### EXERCISE
Leaving out all pictures, return exactly the lines from the one that contains "Definitive Tech AW5500" through the end of the data below.

### INPUT RECORDS
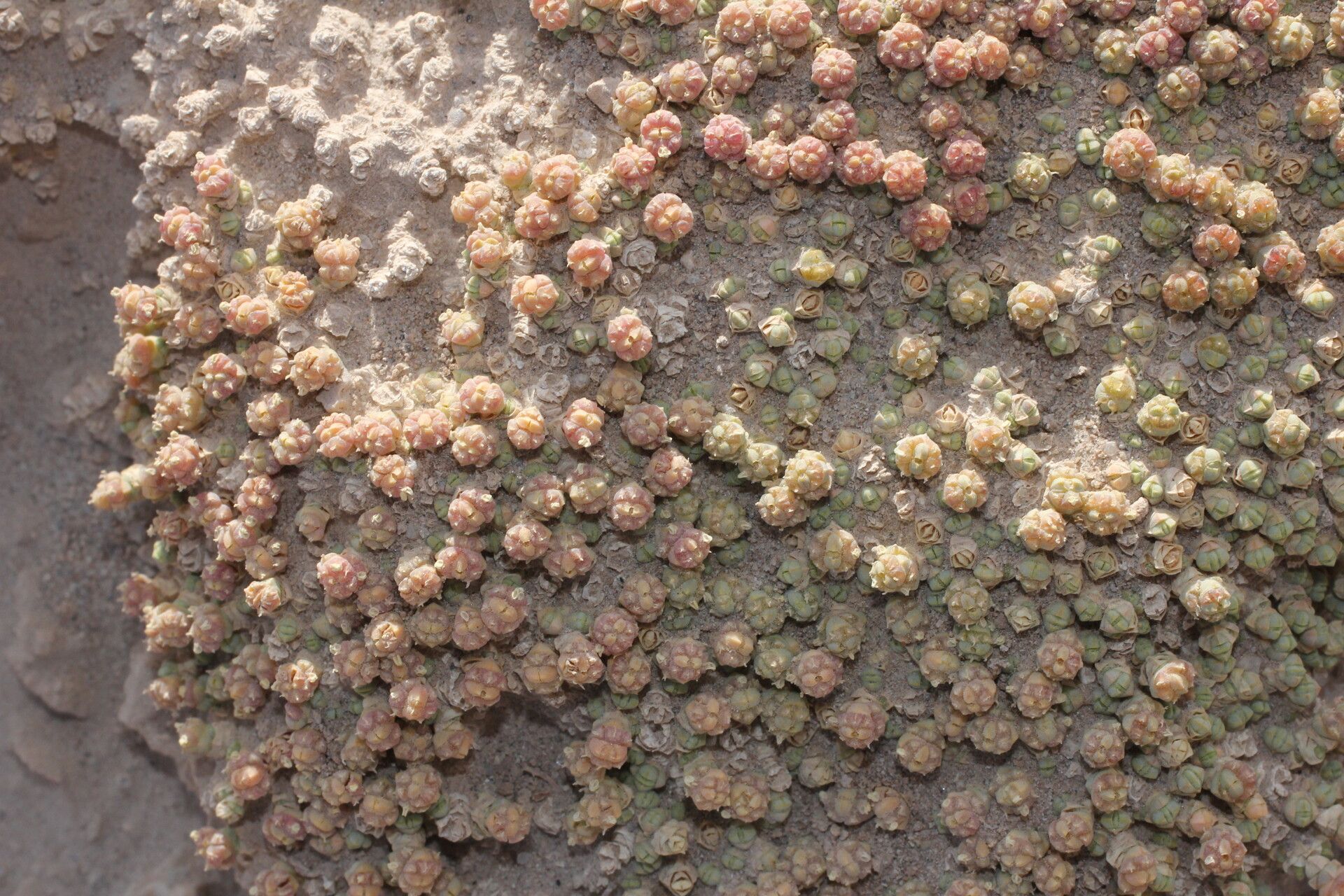 Salicornia pulvinata habit
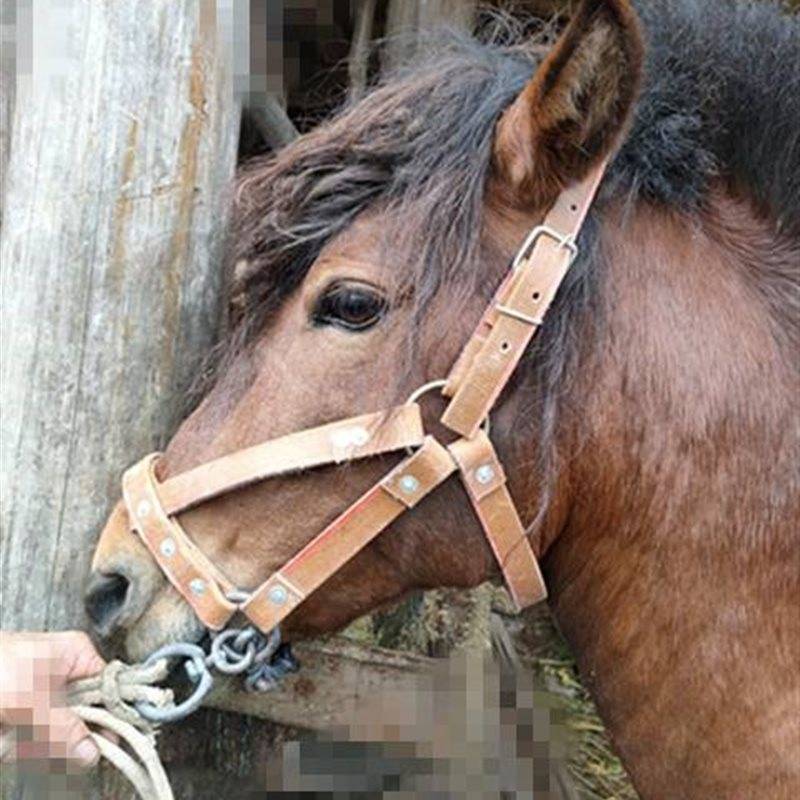 The horse chews a donkey, and the horse's cages are full of their own ropes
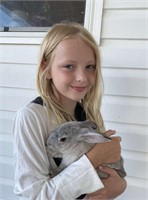 Milly Shaw - Market Rabbit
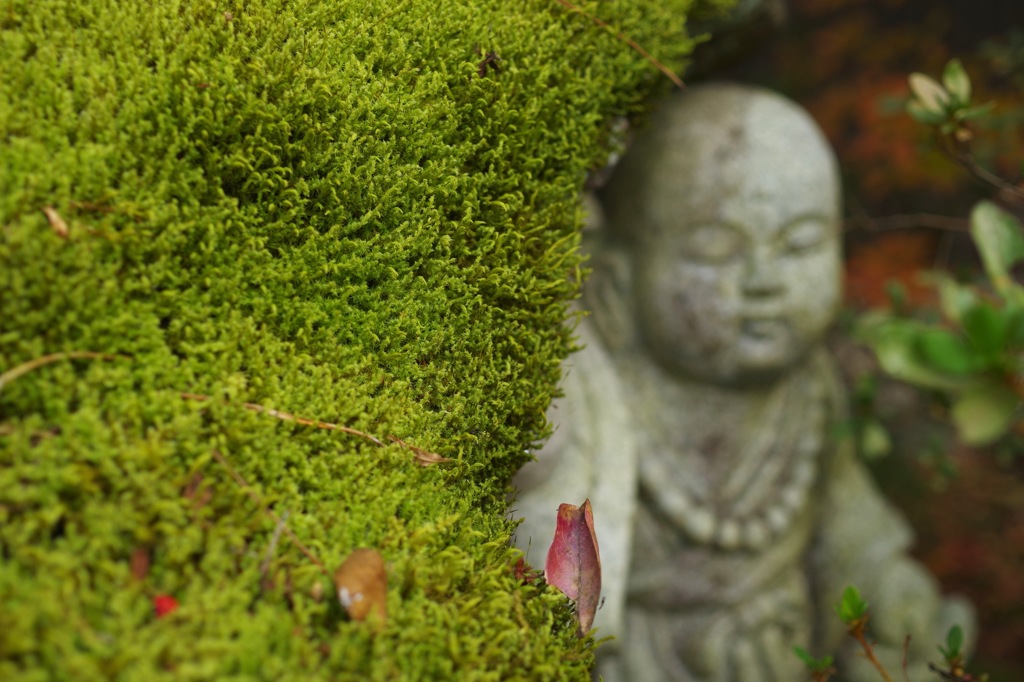 法蔵寺_9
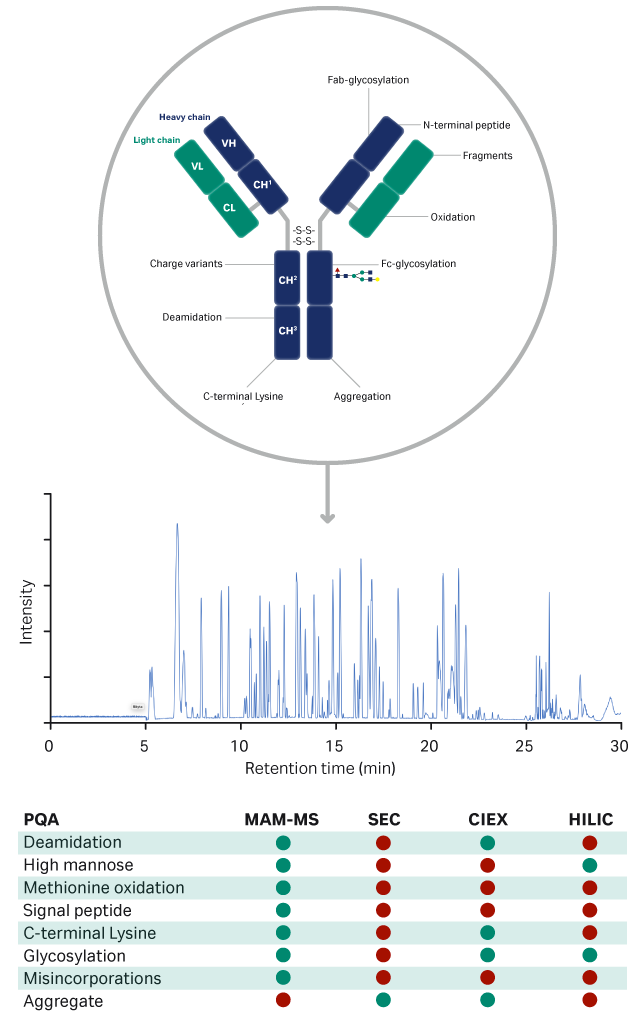 Overview of PQAs that can be monitored with MAM-MS and with traditional chromatography methods. 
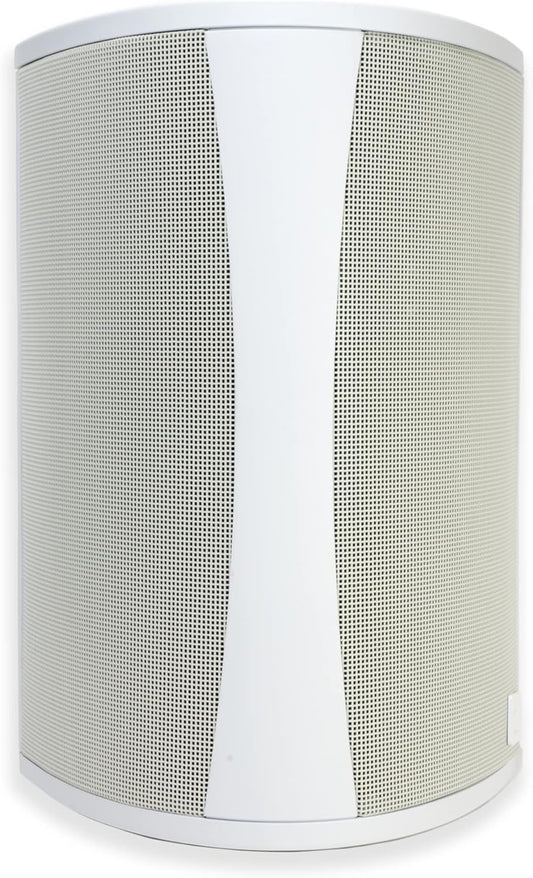 Definitive Tech AW5500 Outdoor Speaker - High Power, All-Weather, Extreme Performance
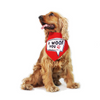 Dogobow I Woof You Scarf for Dogs (Red) (Get a Bow Free) Dogs-Clothing & Accessories Dogobow Dropship S
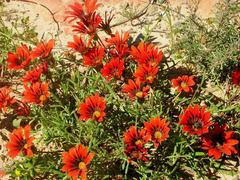 Gazania rigida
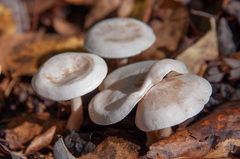 Clitocybe phyllophila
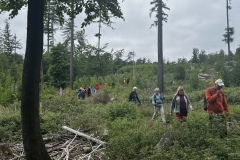 Wanderung_20250518_00031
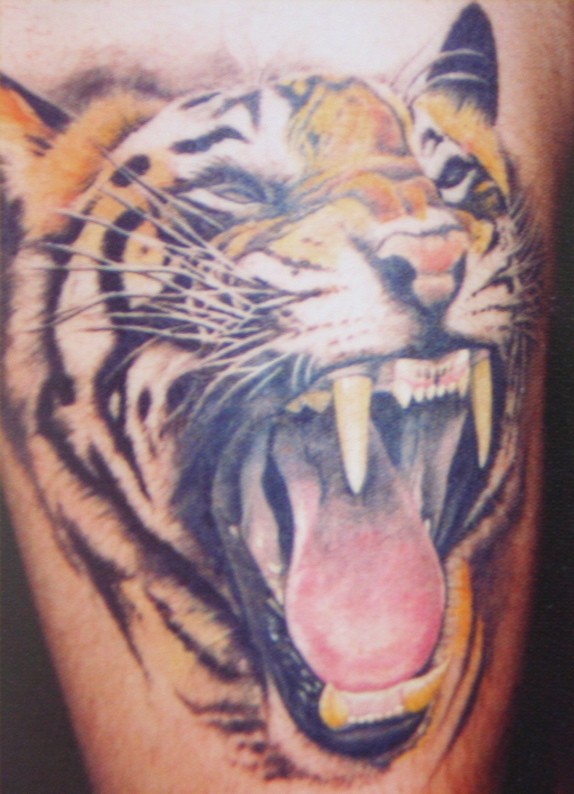 Tatuaje  de tigre que ruge, diseño realista de color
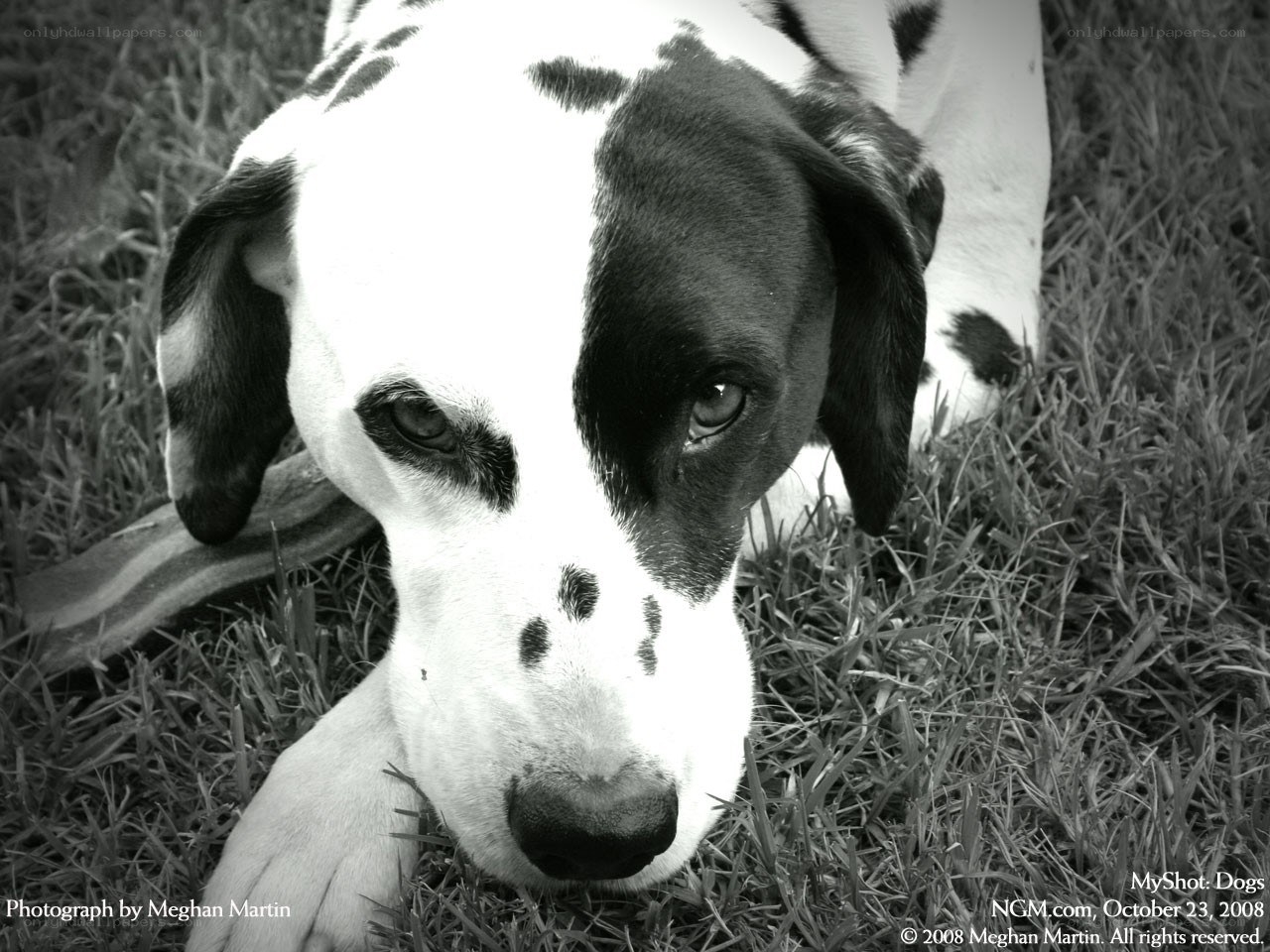 Dalmatian dog on grass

### WRITTEN ANSWER
 Definitive Tech AW5500 Outdoor Speaker - High Power, All-Weather, Extreme Performance
 Dogobow I Woof You Scarf for Dogs (Red) (Get a Bow Free) Dogs-Clothing & Accessories Dogobow Dropship S
 Gazania rigida
 Clitocybe phyllophila
 Wanderung_20250518_00031
 Tatuaje  de tigre que ruge, diseño realista de color
 Dalmatian dog on grass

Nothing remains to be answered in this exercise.